Buying property is one of the biggest purchases you will ever make, and over time your circumstances may change, meaning your current mortgage isn't the best fit for your individual situation.

Refinancing is an option explored by many mortgage holders, whether it be to get access to a better interest rate, restructure the loan based on new circumstances, consolidate other debts, extend or renovate or get enhanced features and benefits that you didn't initially need.

Before the decision to refinance is made, there are a number of things you need to consider to ensure refinancing is in fact the best option for you. Make sure you understand the real costs of refinancing, including fees and charges that may apply to your loan, the features and benefits of the new loan, and any penalties for exiting your existing loan that may apply.

Most importantly, whatever the purpose of refinancing, the onus is on being able to make repayments. Don't get yourself into a loan that you can't afford. Also, don't forget that in many cases your existing lender may be able to make modifications to your loan to make it best suit your circumstances. It never hurts to ask.

How can you better manage your debt and use refinancing to the best effect? The following tips may help for those looking to refinance:

Understand why you are refinancing.
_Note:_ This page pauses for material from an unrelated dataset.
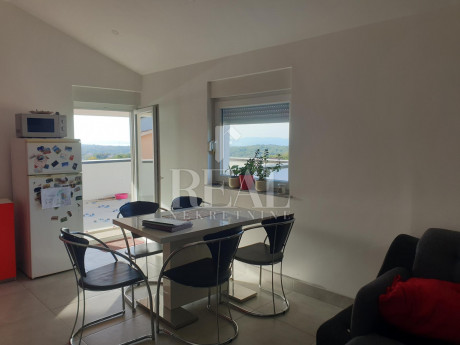 3-locale, Appartamento, 77m²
If you are refinancing to make improvements to your property, you are adding long-term value which will in turn grow your equity. However if you are tapping into the equity in your property to pay for a holiday or a new car, make sure it's the right decision, especially in a lackluster property market which we are currently facing. In these cases you will be paying interest on the cost of your holiday over the life of the loan, with no prospect of building your equity.
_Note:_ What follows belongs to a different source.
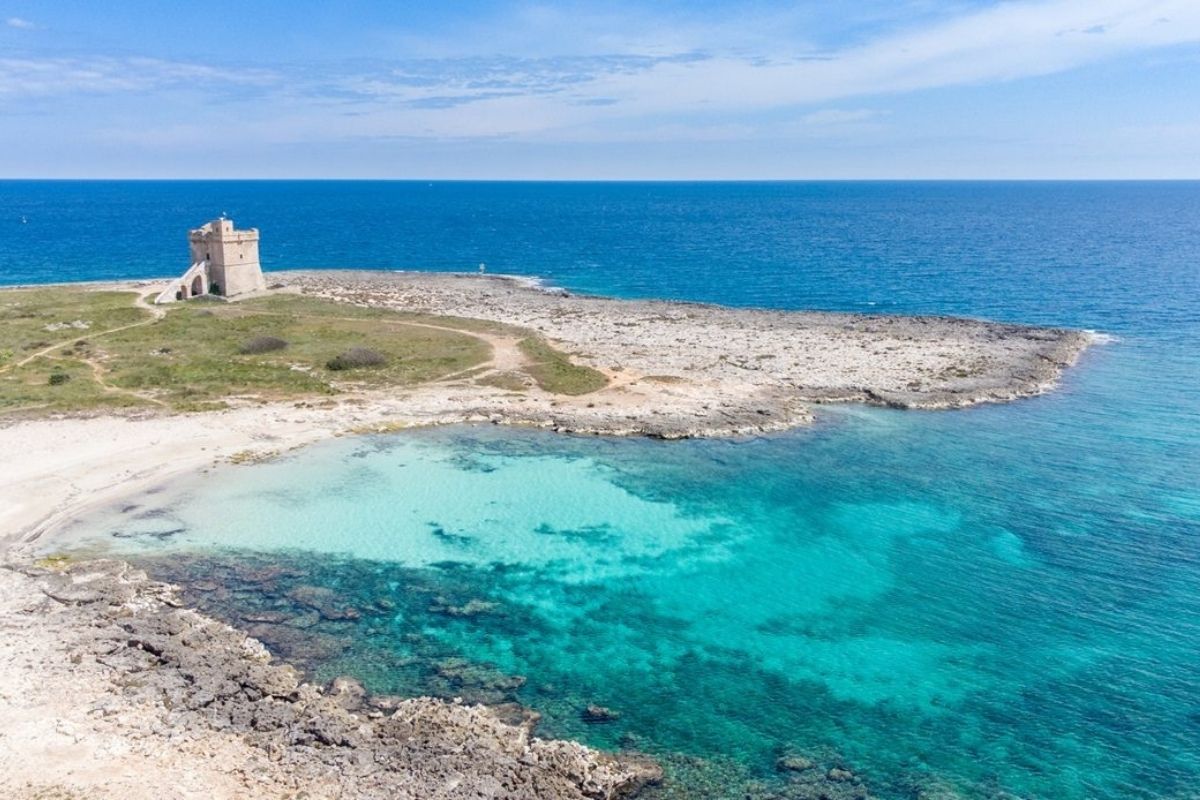 Spiaggia di Squillace con il castello sullo sfondo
Living on credit? If yo're using one debt facility to repay another you need to reconsider your options. While refinancing to consolidate your debts can help alleviate some financial strain, you should keep as much equity in your house as possible, and pay off that mortgage as quickly as possible to reduce your interest spend.

Consider the future. There are always unforeseen events that you can't plan for - be sure to have a little bit of financial flexibility up your sleeve, just in case. Are you realistic with what you can and can't afford? Put together a comprehensive household budget and look at all your expenses. Don't just rely on others' opinions of what you should or shouldn't borrow.

Re-visit your variable expenses. Costs such as gym membership, pay tv, internet and mobile phones can make up a considerable chunk of household spending. If you are struggling, can these be downgraded temporarily until you can get on top of your debts? You'll be amazed at how much you can save.

Are you starting to feel the pinch on your debt commitments? If you're struggling to repay your mortgage or credit card debt, speak to your lender now rather than allow the problem to fester. The earlier you identify a repayment problem, the greater the likelihood of a positive result. Remember, it's in no one's interest to see you default on your loan.